Starting at the line with "200 County Road 750" and stopping at the final line, retype the data below exactly; do not carry over any pictures.

--- START ---

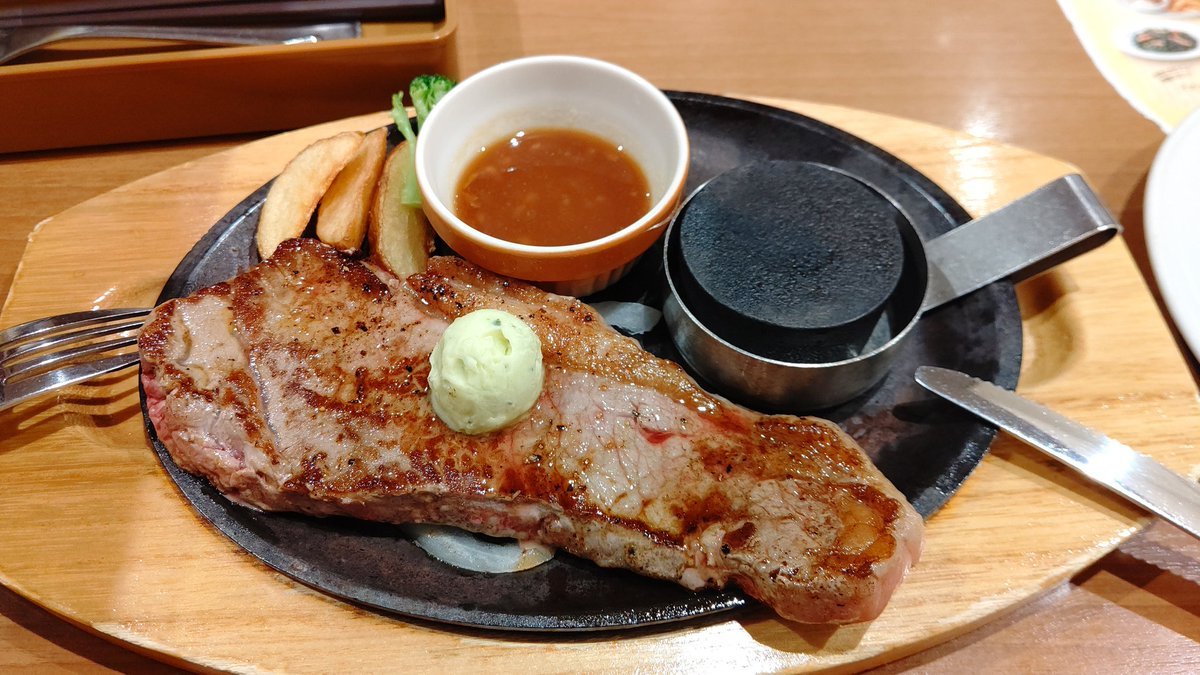 今日の晩御飯は肉を食べる！(笑) [おもちゃの平野【Twitter】]
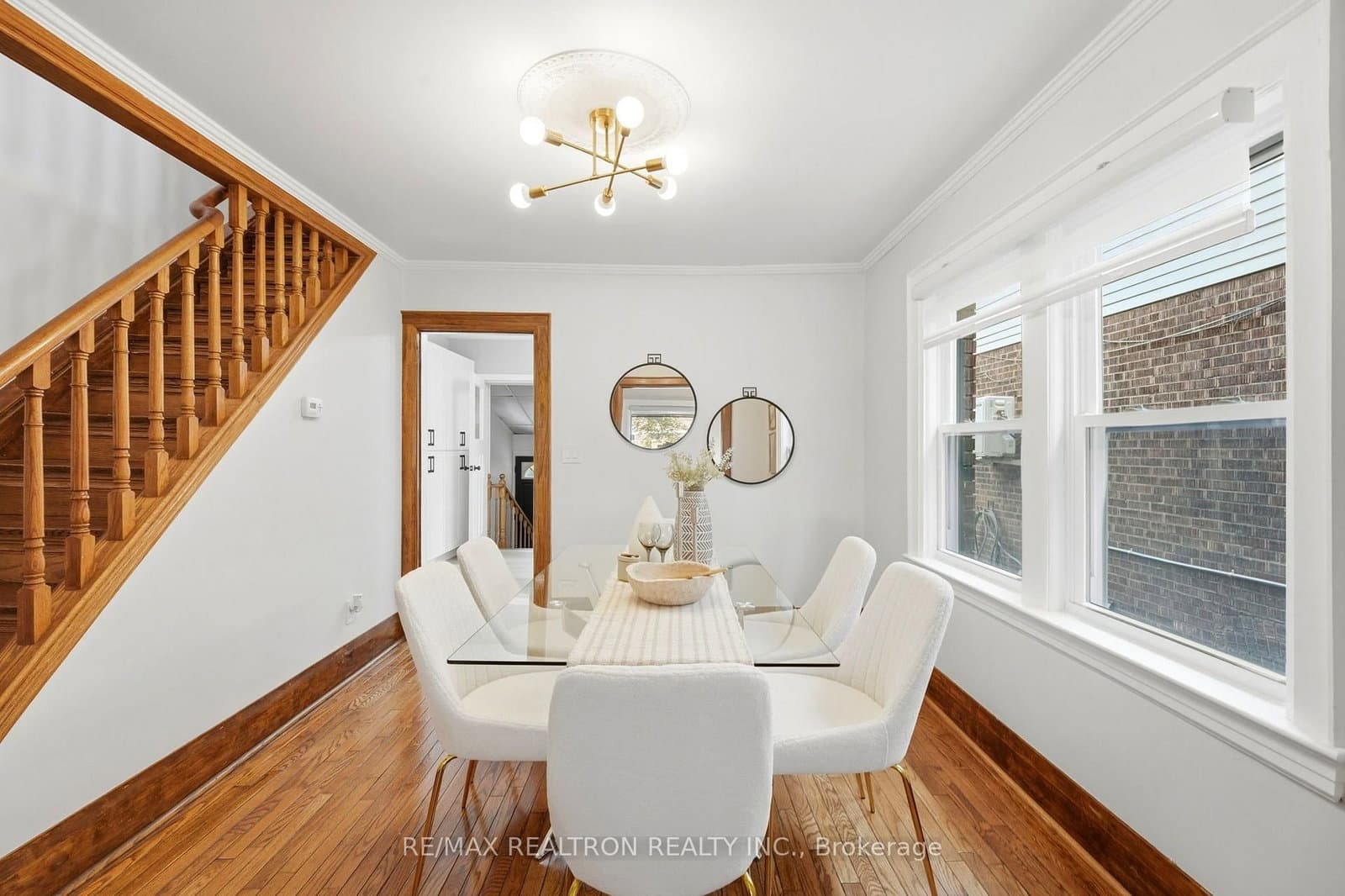1056 Woodbine Avenue W thumbnail 16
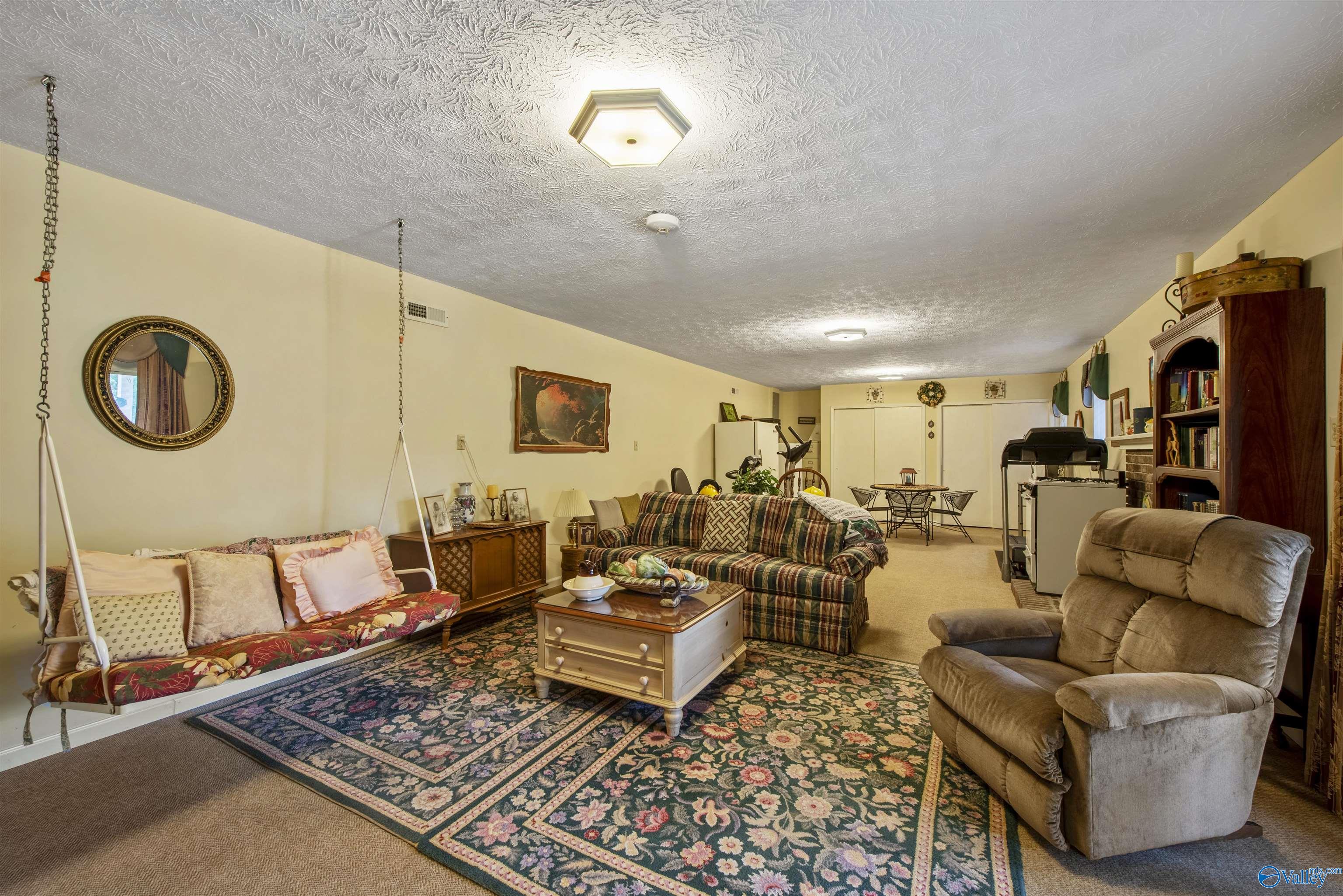 200 County Road 750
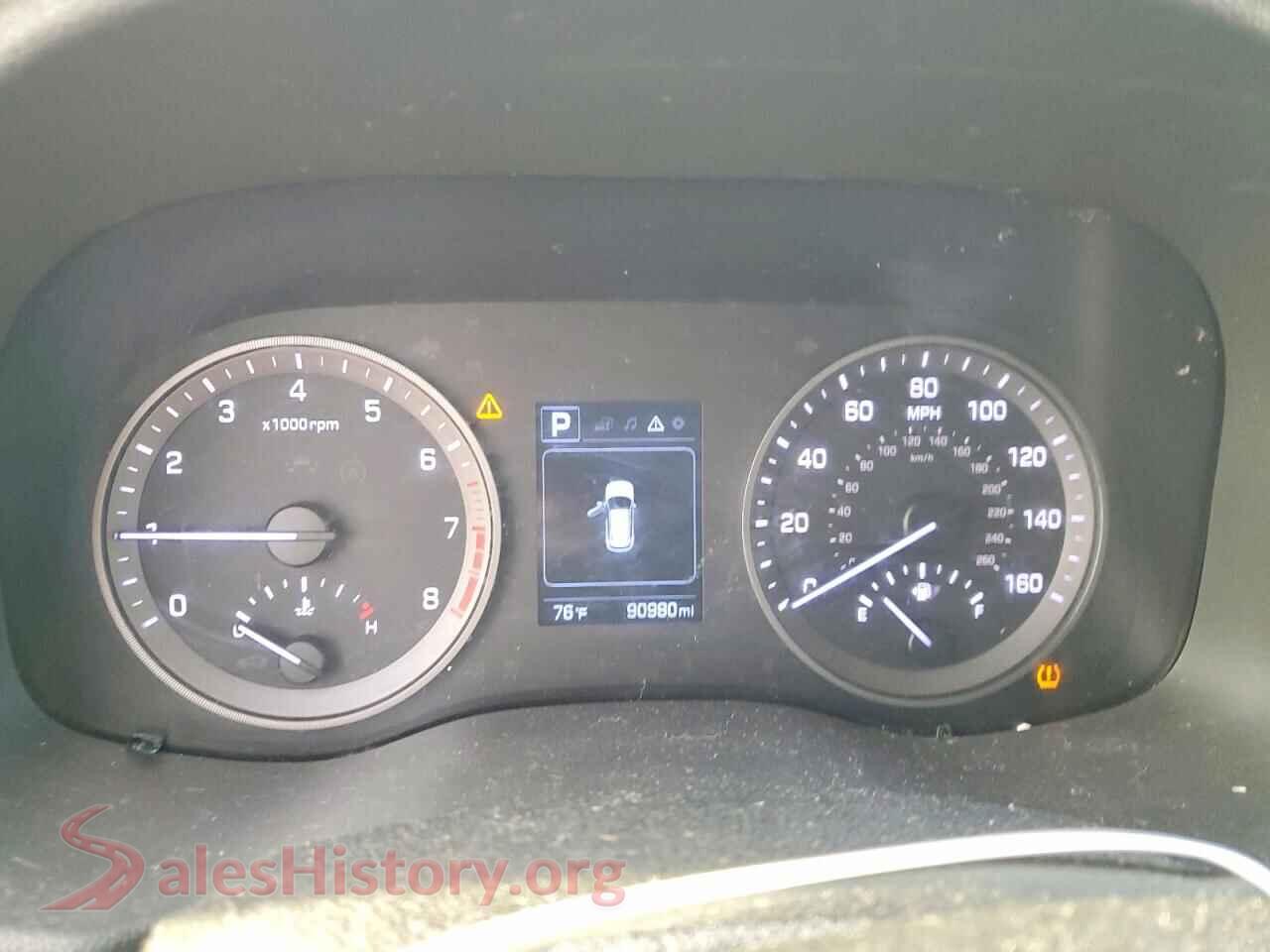 2017 HYUNDAI TUCSON VIN KM8J33A49HU460868, interior center console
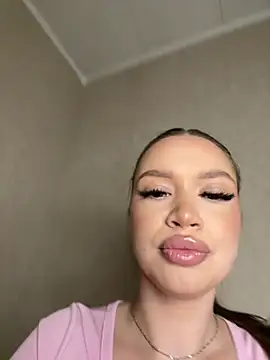 Snapshot of bunnyrich chatting on 03/01/26, 08:11 bunnyrich online show from 03/01/26, 08:11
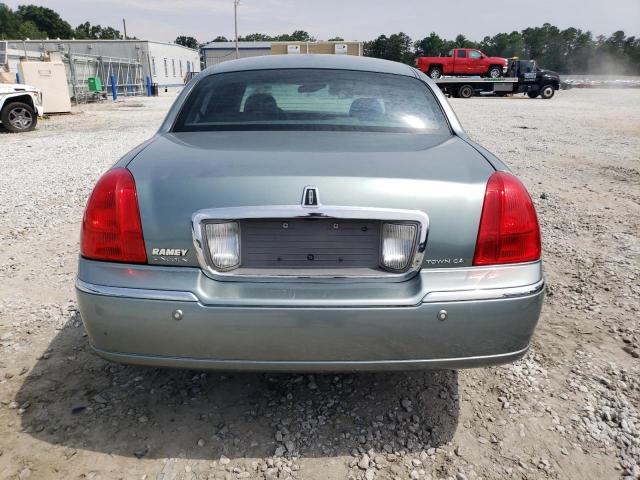 Photo 5 VIN: 1LNHM81WX4Y606823 - LINCOLN TOWN CAR E 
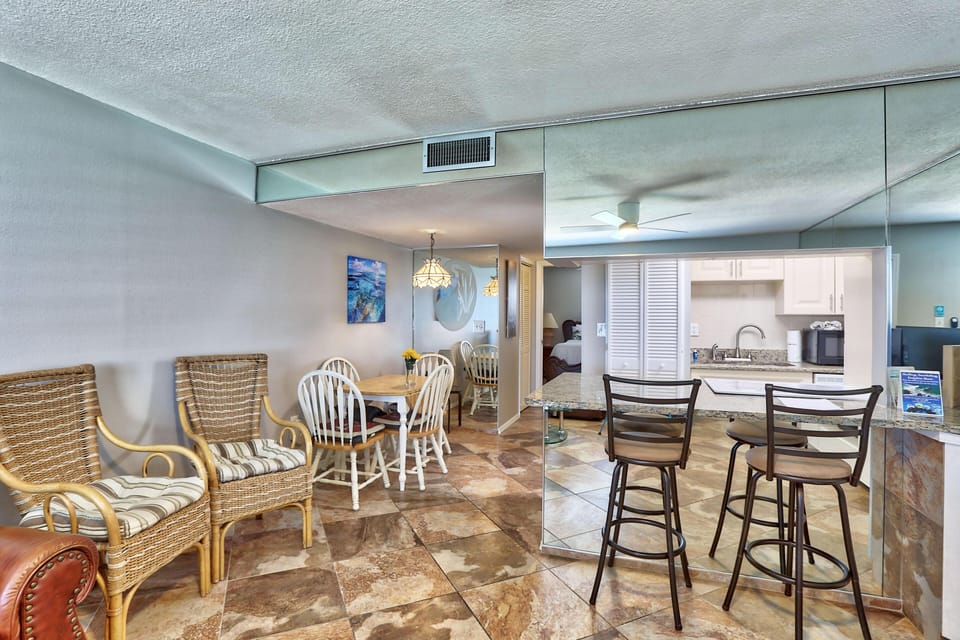 Condo, Multiple Beds (Sunset Chateau 506 - Premier) | Interior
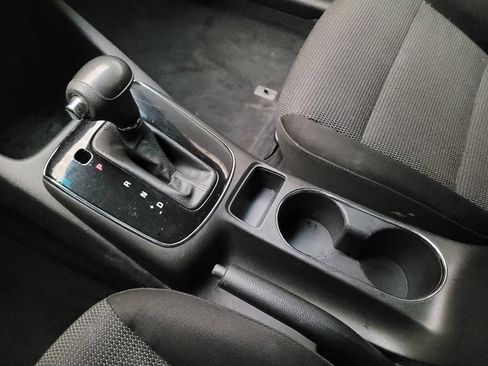 Used 2017 Kia Forte LX FWD image 26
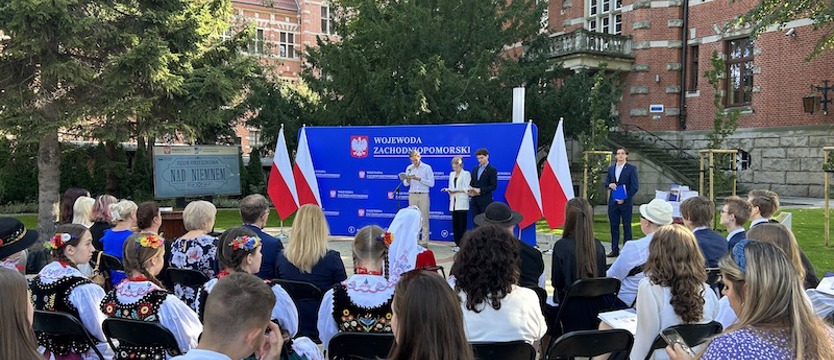Narodowe Czytanie. Orzeszkowa w ogrodach kuratorium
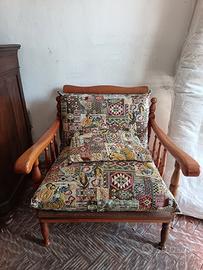 Poltrona in legno 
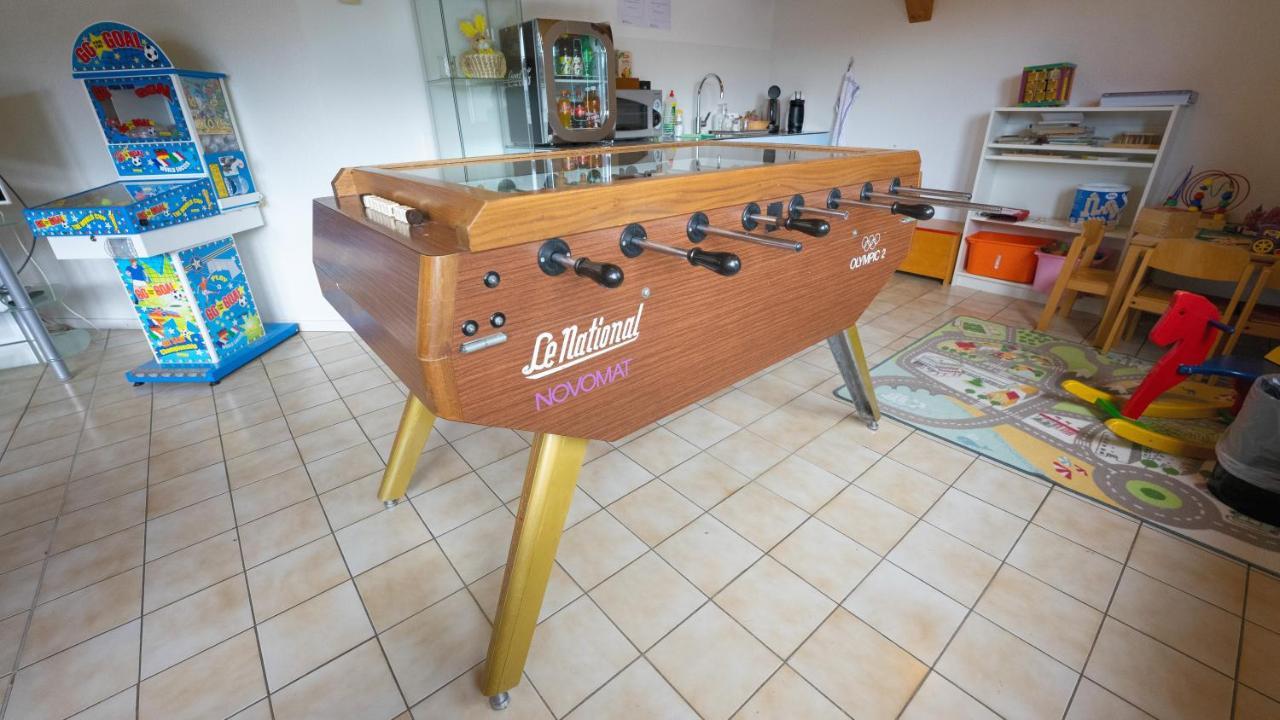 Delemont Youth Hostel Bagian luar foto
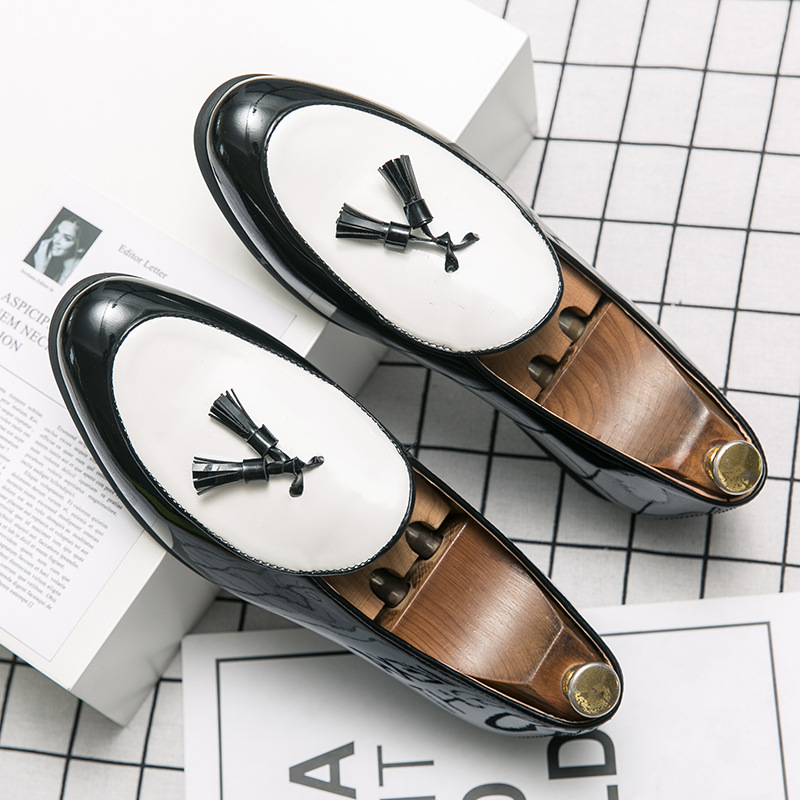 Subtle Black White Two-tone Tassel Loafers-Colinshoes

--- END ---

Solution to this problem:
 200 County Road 750
 2017 HYUNDAI TUCSON VIN KM8J33A49HU460868, interior center console
 Snapshot of bunnyrich chatting on 03/01/26, 08:11 bunnyrich online show from 03/01/26, 08:11
 Photo 5 VIN: 1LNHM81WX4Y606823 - LINCOLN TOWN CAR E 
 Condo, Multiple Beds (Sunset Chateau 506 - Premier) | Interior
 Used 2017 Kia Forte LX FWD image 26
Narodowe Czytanie. Orzeszkowa w ogrodach kuratorium
 Poltrona in legno 
 Delemont Youth Hostel Bagian luar foto
 Subtle Black White Two-tone Tassel Loafers-Colinshoes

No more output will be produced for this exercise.